Martina se lo quedó mirando con ironía.

– Supongo, doctor Guillén, que está hablando como médico de la familia. Pero ¿hace cuánto tiempo que la duquesa no se hacía un chequeo? ¿Que usted no la examinaba? ¿No se había dado cuenta de que ni siquiera en verano se quitaba esos mitones y pañuelos que ocultaban su edad y su piel? Revise su diario clínico, doctor. Estoy segura de que en los dos últimos años y medio, la suplantada duquesa no ha requerido sus servicios profesionales, al margen de alguna mera consulta verbal para mantener las apariencias. Y nada tiene de extraño, puesto que Casilda de Abrantes, como a la vista está, goza de una magnífica salud.

La actriz, en efecto, parecía haberse recuperado. La luz había regresado a sus ojos y sus movimientos eran vivos. Dispuesta a luchar por su inocencia, plantó cara a la inspectora:

– ¡Usted no puede acusarme de nada! ¡No es quién!

Martina le repuso enigmáticamente:

– ¿Y quién es usted, Casilda? ¿Cuál de las tres?

La actriz miró a Martina con furia.

– No sé de qué me está hablando.

Lorenzo de Láncaster interrumpió su conversación:

– ¿Por qué no se dejan de secretos y me dicen dónde está mi madre?

– ¿Quiere responder ahora, Casilda? -volvió a proponerle la inspectora-. ¿O tampoco lo hará esta vez?

La actriz miraba a sus primos. Lorenzo le hizo un gesto angustiado, pero fue su hermano Hugo quien preguntó:

– ¿Mamá está muerta?

Martina acarició el sello ducal y lo hizo brillar al sol.

– Descubrí esta sortija en su féretro, en el cementerio del Convento de la Luz. Aprovechando la luna llena, abrí su nicho hace dos noches. Doña Covadonga llevaba allí desde la madrugada del día de Navidad de 1989. Sus asesinos la enterraron con el hábito de la monja que hasta ese momento había ocupado el sepulcro, pero, al colocar el cuerpo de la duquesa dentro de la tumba, se les olvidó quitarle el anillo, este sello. Estaba oscuro, nevaba, apenas tenían tiempo y cometieron ese error.

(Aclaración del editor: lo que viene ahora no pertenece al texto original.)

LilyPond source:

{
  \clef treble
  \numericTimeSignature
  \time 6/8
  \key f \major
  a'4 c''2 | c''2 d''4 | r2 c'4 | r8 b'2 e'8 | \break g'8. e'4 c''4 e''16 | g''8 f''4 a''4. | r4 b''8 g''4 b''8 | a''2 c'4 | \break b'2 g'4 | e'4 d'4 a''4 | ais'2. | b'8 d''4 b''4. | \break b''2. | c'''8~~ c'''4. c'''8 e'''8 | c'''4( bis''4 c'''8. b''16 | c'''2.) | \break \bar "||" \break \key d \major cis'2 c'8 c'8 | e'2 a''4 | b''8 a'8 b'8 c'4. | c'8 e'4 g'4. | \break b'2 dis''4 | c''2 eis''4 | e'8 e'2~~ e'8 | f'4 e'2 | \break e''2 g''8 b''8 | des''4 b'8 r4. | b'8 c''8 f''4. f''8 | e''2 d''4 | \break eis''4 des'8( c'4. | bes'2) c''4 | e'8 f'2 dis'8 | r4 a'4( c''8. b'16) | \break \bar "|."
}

– ¡Oh, Dios! -clamó Lorenzo.

Airadamente, el padre Arcadio preguntó a Martina:

– ¿A qué nichos se refiere? ¿Es que ha estado profanando tumbas?

– Me limité a exhumar la de la hermana Benedictina -repuso Martina-. Y ahora que me da la oportunidad, padre, quiero agradecerle que me proporcionase la clave del caso y que indirectamente me animara a entrar en ese camposanto, distrayendo con buen fin el sueño eterno de los muertos.

El sacerdote quedó atónito:

– ¿Yo le di una clave?

– Sí.

– ¿Cuál?

– ¿Recuerda la mañana del 25 de diciembre de 1989, día de Navidad, cuando atravesamos el bosque a pie, desde el palacio hasta el aprisco, para examinar el cadáver de Azucena de Láncaster? Portaba usted los santos óleos.

– Nunca podré olvidar aquellas dolorosas horas.

– Mi compañero Horacio le oyó comentar que una joven religiosa, la hermana Benedictina, había muerto dos días atrás, el 22 de diciembre, en el Convento de la Luz, de un accidente doméstico, y que, en la mañana del 24, había tenido usted que oficiar su funeral. Usted mismo añadió que el cementerio conventual tenía problemas de espacio y que, para sepultar a Benedictina, las monjas habían tenido que agrupar los huesos en osarios comunes. Pero no nos dijo entonces toda la verdad, padre, y temo que pretenda empeñarse en seguir ocultándola.

El sacerdote percibió que la gente le miraba y se ofuscó:

– ¡Yo no he mentido!

– Se puede pecar por omisión -le recordó Martina.

– ¿Qué insinúa, inspectora?

– Yo no insinúo, padre. Mi método es empírico y no contempla la insinuación. Muy al contrario, afirmo que la hermana Benedictina no fue víctima de ningún accidente doméstico. Del granero del convento se desprendió una techumbre, cierto, pero nunca llegó a caer sobre ella. Como usted sabía muy bien, pues así se lo había confesado la priora, la hermana Benedictina se suicidó, arrojándose al vacío desde una altura de siete metros y cayendo sobre las guías de un carro de labor.

– ¡Qué imaginación! -saltó el cura-. ¿Por qué iba a hacer una cosa así?

– Porque estaba encinta. De tres meses, exactamente. La criatura era varón y el futuro padre, Jacinto Rivas. Sólo lo sabían usted, la priora y Azucena de Láncaster, quien había hecho amistad con algunas hermanas, en especial con Benedictina, encargada de los telares que tanto entusiasmaban a la primera esposa del barón.

En mi cerebro, dos cables se conectaron con un chispazo.